SERANG, RADARBANTEN.CO.ID – Dua tersangka kasus dugaan korupsi sentra industri kecil menengah (IKM) pada Disperindagkop Kota Serang tahun 2020 senilai Rp5,3 miliar diperiksa penyidik Kejari Serang. Pemeriksaan keduanya dilakukan untuk mendalami perkara.
Kasi Pidsus Kejari Jonitrianto Andra mengatakan, pemeriksaan keduanya dilakukan dalam waktu yang berbeda. Kepala Dinas Pariwisata, Kepemudaan dan Olahraga (Kadis Parpora) Yoyo Wicaksono diperiksa lebih dulu.

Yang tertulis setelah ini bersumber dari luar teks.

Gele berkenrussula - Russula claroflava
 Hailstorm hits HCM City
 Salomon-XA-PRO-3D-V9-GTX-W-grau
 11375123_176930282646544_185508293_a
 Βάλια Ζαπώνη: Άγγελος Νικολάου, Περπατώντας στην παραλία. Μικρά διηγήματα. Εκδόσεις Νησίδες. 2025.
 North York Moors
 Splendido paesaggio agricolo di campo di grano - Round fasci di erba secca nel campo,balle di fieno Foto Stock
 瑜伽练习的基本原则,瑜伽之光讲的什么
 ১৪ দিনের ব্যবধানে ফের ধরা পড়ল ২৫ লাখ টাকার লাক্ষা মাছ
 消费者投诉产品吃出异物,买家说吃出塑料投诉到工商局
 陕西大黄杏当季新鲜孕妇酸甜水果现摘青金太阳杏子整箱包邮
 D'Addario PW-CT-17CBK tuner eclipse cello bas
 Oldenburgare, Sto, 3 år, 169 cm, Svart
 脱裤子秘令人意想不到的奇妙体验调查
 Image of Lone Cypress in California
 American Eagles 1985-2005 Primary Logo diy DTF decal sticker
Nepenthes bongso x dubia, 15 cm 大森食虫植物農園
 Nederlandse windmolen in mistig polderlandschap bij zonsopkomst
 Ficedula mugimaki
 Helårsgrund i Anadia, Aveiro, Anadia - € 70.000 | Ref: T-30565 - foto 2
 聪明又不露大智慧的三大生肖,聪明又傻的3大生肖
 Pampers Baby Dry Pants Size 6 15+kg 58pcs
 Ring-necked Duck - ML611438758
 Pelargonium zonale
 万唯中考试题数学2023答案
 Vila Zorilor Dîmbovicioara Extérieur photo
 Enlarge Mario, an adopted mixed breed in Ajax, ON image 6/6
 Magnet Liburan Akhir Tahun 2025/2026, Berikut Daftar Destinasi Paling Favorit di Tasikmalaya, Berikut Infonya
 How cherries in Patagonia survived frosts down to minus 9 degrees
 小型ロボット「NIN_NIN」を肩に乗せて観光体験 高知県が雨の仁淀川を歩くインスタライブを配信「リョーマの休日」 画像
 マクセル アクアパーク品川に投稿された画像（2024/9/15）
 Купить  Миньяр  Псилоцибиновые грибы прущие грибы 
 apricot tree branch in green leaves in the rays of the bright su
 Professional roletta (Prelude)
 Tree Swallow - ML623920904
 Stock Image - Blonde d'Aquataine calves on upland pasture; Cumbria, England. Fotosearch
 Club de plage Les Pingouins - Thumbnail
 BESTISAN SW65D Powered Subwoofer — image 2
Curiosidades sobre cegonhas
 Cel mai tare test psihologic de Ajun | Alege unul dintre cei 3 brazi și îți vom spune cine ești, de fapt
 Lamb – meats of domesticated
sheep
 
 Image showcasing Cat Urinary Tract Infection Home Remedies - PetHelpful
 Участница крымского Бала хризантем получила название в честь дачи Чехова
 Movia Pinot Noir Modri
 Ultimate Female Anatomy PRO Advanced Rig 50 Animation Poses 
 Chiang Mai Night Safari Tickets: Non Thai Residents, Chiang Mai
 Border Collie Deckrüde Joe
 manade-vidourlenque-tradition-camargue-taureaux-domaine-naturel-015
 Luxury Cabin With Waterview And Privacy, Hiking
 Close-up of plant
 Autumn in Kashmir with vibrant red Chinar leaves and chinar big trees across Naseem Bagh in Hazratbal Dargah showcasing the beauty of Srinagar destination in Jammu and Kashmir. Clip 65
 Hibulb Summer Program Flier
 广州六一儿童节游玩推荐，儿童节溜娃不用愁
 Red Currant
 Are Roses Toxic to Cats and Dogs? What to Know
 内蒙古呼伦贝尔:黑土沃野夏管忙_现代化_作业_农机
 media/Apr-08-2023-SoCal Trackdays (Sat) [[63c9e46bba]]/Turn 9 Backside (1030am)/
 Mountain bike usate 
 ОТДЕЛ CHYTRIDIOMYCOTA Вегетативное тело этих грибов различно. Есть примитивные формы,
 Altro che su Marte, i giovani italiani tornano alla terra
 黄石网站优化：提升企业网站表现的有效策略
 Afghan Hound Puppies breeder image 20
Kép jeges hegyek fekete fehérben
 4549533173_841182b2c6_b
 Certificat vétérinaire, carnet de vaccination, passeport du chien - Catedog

Ia menjalani pemeriksaan pada Rabu (15/6). Sementara, Komanditer CV Gelar Putra Mandiri (GPM) Darussalam dilakukan pemeriksaan sehari setelahnya atau Kamis (16/6).
“Ada yang perlu dikonfirmasi dari keterangan saksi dan barang bukti yang ada pada kami (alasan pemeriksaan-red),” kata Jonitrianto, Jumat (17/6).
Jonitrianto mengatakan, alasan pemeriksaan kedua tersangka juga berdasarkan petunjuk jaksa peneliti Kejari Serang. Perkara tersebut saat ini telah memasuki tahap satu atau penelitian berkas perkara. Diperkirakan perkara tersebut akan dinyatakan lengkap atau P21 pada saat akhir bulan Juni 2022 ini. “Mudah-mudahan awal Juli sudah bisa kami limpahkan ke pengadilan,” kata Jonitrianto.
Kajari Serang Freddy D Simandjuntak sebelumnya mengatakan Yoyo ditetapkan sebagai tersangka kaitannya sebagai pejabat pembuat komitmen (PPK) terhadap proyek tersebut. Proyek yang berlokasi di Kelurahan Margahayu, Kecamatan Kasemen, Kota Serang tersebut berasal dari satker Disperindagkop Kota Serang.
Saat proyek tersebut berjalan, Yoyo masih menjabat sebagai kepala Disperindagkop Kota Serang. “Si YW (Yoyo Wicaksono-red) selaku PPK telah melalaikan tugas dan kewajibannya selaku PPK dengan mengabaikan yang mana tugas dia sebagai PPK harus mengendalikan kegiatan revitaliasi namun tidak dilaksanakan. sedangkan DS (Darussalam-red) Komanditer CV GPM,” kata Freddy.